TMU has an official (google doc) Vendor of Record for Audio/Video Captioning and Transcription Services with Ai-Media. (external link)
Guidance on captioning and description
If you’re creating multimedia for university-affiliated websites or social media, videos must have closed captions and audio content must have an accompanying transcript. Whenever starting a new multimedia project, budget for captioning in the same way you would budget for video editing, equipment and other expenses. Alternatively, you can learn how to caption videos yourself for free.
Video or audio 1-3 minutes
Free: Manually edit Zoom or YouTube's automatically-generated captions for accuracy.

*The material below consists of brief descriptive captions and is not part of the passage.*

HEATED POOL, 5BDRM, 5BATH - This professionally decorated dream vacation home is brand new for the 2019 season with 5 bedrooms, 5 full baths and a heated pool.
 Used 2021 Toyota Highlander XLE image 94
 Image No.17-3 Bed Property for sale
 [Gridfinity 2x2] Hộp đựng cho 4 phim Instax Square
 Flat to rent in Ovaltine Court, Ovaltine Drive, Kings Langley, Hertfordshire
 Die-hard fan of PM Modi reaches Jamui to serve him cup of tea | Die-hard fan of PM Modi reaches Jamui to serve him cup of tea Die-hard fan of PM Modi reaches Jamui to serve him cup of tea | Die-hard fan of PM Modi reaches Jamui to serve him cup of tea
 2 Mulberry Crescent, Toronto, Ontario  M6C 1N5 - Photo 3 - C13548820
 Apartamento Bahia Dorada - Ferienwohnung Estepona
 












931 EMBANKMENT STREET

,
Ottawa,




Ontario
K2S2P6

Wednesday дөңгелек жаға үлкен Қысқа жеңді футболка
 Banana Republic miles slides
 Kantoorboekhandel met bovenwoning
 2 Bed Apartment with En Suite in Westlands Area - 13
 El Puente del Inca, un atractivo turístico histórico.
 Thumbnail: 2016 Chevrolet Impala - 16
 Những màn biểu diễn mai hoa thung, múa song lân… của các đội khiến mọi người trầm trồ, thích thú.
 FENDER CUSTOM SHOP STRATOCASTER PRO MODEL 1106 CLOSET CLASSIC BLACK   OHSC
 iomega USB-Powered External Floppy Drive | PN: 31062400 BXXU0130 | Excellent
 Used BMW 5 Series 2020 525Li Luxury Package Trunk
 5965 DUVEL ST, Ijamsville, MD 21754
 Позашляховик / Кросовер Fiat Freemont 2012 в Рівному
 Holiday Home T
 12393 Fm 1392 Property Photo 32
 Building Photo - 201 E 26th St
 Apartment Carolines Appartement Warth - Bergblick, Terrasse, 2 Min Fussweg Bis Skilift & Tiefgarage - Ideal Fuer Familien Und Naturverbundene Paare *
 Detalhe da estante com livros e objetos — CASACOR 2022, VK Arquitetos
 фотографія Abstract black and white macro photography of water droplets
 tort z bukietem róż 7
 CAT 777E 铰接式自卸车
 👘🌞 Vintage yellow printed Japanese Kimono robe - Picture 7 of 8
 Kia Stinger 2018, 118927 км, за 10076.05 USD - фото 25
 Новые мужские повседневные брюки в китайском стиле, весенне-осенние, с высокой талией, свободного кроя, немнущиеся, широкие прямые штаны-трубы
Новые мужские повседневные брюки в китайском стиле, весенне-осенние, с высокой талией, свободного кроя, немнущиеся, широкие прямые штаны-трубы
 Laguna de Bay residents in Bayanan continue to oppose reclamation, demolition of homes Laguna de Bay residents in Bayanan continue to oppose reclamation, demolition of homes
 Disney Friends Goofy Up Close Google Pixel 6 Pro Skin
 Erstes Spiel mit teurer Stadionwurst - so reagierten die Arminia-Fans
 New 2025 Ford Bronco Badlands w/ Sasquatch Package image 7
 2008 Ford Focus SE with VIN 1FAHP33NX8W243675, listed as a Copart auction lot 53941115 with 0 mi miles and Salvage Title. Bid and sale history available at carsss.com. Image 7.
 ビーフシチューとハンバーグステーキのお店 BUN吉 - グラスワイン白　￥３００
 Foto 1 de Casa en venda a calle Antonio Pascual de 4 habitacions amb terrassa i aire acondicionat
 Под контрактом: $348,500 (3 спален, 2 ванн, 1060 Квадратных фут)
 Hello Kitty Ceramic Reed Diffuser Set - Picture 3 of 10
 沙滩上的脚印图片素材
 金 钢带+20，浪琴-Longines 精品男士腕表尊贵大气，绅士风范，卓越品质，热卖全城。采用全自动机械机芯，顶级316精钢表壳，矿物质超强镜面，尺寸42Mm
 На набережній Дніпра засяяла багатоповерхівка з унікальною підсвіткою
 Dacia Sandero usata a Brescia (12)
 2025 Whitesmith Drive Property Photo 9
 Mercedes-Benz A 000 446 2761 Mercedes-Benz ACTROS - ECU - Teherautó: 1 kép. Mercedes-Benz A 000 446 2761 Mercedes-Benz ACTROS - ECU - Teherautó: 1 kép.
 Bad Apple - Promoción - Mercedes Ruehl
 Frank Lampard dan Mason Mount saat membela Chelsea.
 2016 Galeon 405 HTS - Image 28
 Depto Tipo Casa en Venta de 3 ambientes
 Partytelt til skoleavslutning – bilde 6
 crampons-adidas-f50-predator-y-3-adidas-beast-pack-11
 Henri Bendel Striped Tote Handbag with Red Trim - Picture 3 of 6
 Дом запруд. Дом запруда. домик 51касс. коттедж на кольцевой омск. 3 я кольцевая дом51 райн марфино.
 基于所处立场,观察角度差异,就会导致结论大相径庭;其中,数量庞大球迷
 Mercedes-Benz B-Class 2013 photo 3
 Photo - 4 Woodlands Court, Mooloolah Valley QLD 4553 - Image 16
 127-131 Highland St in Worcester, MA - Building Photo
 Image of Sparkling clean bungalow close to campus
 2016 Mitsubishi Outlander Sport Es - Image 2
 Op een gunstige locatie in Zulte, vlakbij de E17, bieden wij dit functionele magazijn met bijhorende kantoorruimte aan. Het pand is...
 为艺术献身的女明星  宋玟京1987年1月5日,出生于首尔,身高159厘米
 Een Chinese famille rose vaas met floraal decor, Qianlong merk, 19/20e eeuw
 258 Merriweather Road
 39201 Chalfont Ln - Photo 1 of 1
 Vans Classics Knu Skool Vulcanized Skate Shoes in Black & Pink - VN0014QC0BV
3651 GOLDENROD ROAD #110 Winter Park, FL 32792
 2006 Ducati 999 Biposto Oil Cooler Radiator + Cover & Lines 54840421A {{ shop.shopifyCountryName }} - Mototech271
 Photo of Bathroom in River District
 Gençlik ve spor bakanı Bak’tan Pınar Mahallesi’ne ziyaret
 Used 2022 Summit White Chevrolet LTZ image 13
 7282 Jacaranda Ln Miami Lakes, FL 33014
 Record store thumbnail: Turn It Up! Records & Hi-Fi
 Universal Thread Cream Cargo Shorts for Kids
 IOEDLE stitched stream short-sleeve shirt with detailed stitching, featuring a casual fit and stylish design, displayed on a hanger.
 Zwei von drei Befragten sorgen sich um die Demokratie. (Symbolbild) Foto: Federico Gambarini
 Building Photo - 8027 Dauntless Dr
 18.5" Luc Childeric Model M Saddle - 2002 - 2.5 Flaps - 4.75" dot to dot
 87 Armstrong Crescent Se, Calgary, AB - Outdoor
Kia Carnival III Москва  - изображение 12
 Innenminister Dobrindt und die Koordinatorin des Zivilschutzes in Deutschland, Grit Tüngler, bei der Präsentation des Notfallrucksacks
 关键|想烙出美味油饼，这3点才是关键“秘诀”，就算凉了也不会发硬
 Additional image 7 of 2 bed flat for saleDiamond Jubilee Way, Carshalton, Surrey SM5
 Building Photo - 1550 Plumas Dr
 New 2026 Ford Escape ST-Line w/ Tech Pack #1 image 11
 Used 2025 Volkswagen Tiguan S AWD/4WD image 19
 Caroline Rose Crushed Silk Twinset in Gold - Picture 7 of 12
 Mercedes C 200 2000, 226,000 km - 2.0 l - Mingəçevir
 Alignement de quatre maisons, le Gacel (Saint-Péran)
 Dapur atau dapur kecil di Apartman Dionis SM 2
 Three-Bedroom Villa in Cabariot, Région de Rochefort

Video or audio 3-60+ minutes
Budget for professional captions. Refer to TMU's (google doc) Vendor of Record for Audio/Video Captioning and Transcription Services with Ai-Media. (external link)
Recorded lectures
Recorded lectures can sometimes average 3 hours in length and may only be used for one term. We do not recommend budgeting for recorded lectures unless they will be posted on a public facing university website. There are currently no viable closed captioning solutions yet. Consider editing Zoom's automatically generated transcript.
For students registered with Academic Accommodation Support (AAS) that require captioning or description:
- For lectures that require live captioning, please contact Academic Accommodation Support.
- For pre-recorded lectures, videos or audio content used within a course, please contact the Library’s Accessibility Services.
Content within D2L Brightspace
When multimedia content is developed for courses and will be reused in subsequent courses, videos must be captioned and audio content must be transcribed prior to dissemination. While this requirement does not apply to third-party or supplementary content, it is highly recommended that captioned content is sourced at the outset to minimize the need for individuals to request accommodation.
- You can use Zoom to pre-record shorter videos or lecture components, and leverage Zoom’s auto transcription as a starting point for creating accurate captions.
Classroom accommodations
For students who require captioned media, please contact Library Accessibility Services as soon as possible. Library Accessibility Services will work with everyone involved to ensure access to course materials, including the student, instructor and Academic Accommodation Support.
Audio description
For any public facing videos without sound or videos that only contain music, a text alternative must be provided at a minimum. Text or audio descriptions ensure people who are blind or have low vision can understand what is happening in the video.
- Minimum: Provide a simple text description of what's happening on screen below the video frame (WCAG 2.0: Level A).
- Recommended : Provide a voice over or narration for all on-screen text elements, and describe any complex visuals or interactions.
- Best: Provide audio description or a detailed narration for your video if possible. Audio description is not mandatory, however is highly encouraged. Audio description provides the most accessible experience.